What the exercise asks: Set down exactly the entries below, beginning at their first line and ending at the line with "Fumaça sobe após".

····················

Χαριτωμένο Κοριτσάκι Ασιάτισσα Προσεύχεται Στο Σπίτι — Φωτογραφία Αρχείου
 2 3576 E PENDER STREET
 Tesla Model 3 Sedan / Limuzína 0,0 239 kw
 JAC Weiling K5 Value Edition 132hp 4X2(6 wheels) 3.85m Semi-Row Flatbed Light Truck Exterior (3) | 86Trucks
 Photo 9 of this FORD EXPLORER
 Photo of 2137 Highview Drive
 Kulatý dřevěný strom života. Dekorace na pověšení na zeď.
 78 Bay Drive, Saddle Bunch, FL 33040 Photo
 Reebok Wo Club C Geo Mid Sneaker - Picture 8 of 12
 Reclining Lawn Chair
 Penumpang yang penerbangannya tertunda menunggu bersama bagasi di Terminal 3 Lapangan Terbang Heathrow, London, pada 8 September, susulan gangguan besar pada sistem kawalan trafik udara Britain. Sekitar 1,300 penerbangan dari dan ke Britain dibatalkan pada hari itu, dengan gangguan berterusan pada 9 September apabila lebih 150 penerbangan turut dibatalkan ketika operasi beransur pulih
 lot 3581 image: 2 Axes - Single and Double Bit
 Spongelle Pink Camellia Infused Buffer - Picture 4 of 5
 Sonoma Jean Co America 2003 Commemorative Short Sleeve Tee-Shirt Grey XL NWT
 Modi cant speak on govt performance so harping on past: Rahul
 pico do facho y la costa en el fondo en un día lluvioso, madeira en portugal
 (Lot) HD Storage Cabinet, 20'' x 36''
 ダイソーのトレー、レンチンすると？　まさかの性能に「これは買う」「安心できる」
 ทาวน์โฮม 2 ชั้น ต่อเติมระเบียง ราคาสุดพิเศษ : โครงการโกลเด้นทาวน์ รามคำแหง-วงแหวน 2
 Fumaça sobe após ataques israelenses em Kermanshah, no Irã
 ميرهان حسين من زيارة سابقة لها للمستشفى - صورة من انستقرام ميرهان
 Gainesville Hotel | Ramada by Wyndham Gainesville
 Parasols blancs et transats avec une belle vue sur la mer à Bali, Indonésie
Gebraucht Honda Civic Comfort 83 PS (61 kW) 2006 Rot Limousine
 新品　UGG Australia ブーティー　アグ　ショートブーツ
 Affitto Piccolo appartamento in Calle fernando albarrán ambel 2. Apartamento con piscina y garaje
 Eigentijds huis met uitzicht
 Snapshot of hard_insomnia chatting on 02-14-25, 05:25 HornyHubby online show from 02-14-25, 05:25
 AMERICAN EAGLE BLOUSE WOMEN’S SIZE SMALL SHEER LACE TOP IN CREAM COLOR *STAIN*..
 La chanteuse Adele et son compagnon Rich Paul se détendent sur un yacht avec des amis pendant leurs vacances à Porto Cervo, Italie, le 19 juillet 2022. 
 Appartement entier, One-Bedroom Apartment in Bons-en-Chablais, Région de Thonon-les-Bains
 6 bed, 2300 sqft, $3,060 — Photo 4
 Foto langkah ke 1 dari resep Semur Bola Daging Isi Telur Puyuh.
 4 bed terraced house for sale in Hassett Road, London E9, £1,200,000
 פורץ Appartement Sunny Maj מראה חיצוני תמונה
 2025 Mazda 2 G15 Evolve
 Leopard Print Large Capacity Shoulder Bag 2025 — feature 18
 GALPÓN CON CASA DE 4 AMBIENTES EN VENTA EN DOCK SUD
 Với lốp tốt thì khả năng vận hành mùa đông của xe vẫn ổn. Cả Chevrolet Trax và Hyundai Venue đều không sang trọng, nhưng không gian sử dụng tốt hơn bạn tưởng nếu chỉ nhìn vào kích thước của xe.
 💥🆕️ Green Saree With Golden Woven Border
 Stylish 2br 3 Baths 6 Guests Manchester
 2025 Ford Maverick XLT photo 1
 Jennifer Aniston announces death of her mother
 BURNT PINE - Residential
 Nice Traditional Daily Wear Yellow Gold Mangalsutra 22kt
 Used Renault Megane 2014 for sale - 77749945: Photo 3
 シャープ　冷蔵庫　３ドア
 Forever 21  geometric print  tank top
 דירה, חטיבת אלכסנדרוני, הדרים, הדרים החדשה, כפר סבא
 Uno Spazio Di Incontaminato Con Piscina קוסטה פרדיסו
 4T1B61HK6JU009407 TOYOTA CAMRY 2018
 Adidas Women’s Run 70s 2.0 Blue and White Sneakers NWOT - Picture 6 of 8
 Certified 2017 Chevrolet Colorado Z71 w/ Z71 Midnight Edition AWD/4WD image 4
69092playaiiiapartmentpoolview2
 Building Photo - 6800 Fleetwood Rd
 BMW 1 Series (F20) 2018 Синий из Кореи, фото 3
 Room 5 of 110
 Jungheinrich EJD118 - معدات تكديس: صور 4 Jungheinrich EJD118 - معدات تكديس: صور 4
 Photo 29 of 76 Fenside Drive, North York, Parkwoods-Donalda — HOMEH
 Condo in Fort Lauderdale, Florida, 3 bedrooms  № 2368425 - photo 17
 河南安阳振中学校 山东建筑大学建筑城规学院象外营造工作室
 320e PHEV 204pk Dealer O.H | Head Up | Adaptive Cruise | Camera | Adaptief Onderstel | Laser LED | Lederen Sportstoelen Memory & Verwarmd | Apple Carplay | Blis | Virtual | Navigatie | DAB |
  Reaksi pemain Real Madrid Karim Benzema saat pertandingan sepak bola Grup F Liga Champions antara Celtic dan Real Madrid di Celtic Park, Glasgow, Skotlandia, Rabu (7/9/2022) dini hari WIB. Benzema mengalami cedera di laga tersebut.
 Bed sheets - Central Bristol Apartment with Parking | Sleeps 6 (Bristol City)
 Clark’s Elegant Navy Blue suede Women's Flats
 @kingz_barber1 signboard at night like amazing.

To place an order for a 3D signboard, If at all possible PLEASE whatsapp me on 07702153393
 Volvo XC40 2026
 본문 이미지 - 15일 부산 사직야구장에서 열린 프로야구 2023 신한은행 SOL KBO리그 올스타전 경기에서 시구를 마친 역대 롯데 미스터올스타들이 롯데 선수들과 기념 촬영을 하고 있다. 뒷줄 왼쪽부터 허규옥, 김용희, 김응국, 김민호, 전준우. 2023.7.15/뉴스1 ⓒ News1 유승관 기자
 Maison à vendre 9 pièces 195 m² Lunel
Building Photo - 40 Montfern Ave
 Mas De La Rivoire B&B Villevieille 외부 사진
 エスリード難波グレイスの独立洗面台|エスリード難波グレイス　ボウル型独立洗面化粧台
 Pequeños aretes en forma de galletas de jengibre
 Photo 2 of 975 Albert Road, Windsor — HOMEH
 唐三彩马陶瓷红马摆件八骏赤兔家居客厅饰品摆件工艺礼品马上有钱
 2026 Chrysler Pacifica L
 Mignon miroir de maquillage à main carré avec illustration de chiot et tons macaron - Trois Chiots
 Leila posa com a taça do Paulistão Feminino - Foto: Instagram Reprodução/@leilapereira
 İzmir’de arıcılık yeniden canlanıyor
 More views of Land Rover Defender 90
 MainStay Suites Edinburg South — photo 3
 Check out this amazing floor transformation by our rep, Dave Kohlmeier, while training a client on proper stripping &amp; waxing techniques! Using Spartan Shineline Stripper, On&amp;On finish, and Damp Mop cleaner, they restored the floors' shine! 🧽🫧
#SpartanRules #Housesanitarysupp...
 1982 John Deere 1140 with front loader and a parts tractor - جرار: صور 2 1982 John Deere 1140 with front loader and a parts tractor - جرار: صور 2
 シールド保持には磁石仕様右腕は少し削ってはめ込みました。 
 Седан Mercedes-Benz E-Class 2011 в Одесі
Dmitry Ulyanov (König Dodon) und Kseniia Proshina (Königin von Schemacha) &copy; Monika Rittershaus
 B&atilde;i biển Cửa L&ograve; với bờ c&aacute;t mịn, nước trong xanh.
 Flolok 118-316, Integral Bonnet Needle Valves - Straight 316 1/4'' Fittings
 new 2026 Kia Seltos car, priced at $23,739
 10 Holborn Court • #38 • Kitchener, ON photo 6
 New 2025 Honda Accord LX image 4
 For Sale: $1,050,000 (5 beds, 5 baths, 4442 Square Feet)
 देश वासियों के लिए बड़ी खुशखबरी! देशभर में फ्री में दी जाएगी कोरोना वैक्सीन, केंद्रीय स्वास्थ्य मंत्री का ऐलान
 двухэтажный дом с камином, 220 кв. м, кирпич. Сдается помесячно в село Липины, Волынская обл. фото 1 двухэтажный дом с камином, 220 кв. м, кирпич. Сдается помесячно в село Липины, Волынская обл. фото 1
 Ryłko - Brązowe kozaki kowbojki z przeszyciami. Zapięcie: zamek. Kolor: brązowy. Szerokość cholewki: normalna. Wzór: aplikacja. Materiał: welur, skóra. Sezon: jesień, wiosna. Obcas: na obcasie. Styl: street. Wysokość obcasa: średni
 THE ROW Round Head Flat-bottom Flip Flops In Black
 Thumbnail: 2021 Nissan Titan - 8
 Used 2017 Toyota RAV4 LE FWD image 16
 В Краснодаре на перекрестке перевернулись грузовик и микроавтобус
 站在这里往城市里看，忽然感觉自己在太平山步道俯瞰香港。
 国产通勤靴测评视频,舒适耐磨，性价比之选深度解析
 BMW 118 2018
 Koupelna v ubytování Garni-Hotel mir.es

····················

Task solution:
Χαριτωμένο Κοριτσάκι Ασιάτισσα Προσεύχεται Στο Σπίτι — Φωτογραφία Αρχείου
 2 3576 E PENDER STREET
 Tesla Model 3 Sedan / Limuzína 0,0 239 kw
 JAC Weiling K5 Value Edition 132hp 4X2(6 wheels) 3.85m Semi-Row Flatbed Light Truck Exterior (3) | 86Trucks
 Photo 9 of this FORD EXPLORER
 Photo of 2137 Highview Drive
 Kulatý dřevěný strom života. Dekorace na pověšení na zeď.
 78 Bay Drive, Saddle Bunch, FL 33040 Photo
 Reebok Wo Club C Geo Mid Sneaker - Picture 8 of 12
 Reclining Lawn Chair
 Penumpang yang penerbangannya tertunda menunggu bersama bagasi di Terminal 3 Lapangan Terbang Heathrow, London, pada 8 September, susulan gangguan besar pada sistem kawalan trafik udara Britain. Sekitar 1,300 penerbangan dari dan ke Britain dibatalkan pada hari itu, dengan gangguan berterusan pada 9 September apabila lebih 150 penerbangan turut dibatalkan ketika operasi beransur pulih
 lot 3581 image: 2 Axes - Single and Double Bit
 Spongelle Pink Camellia Infused Buffer - Picture 4 of 5
 Sonoma Jean Co America 2003 Commemorative Short Sleeve Tee-Shirt Grey XL NWT
 Modi cant speak on govt performance so harping on past: Rahul
 pico do facho y la costa en el fondo en un día lluvioso, madeira en portugal
 (Lot) HD Storage Cabinet, 20'' x 36''
 ダイソーのトレー、レンチンすると？　まさかの性能に「これは買う」「安心できる」
 ทาวน์โฮม 2 ชั้น ต่อเติมระเบียง ราคาสุดพิเศษ : โครงการโกลเด้นทาวน์ รามคำแหง-วงแหวน 2
 Fumaça sobe após ataques israelenses em Kermanshah, no Irã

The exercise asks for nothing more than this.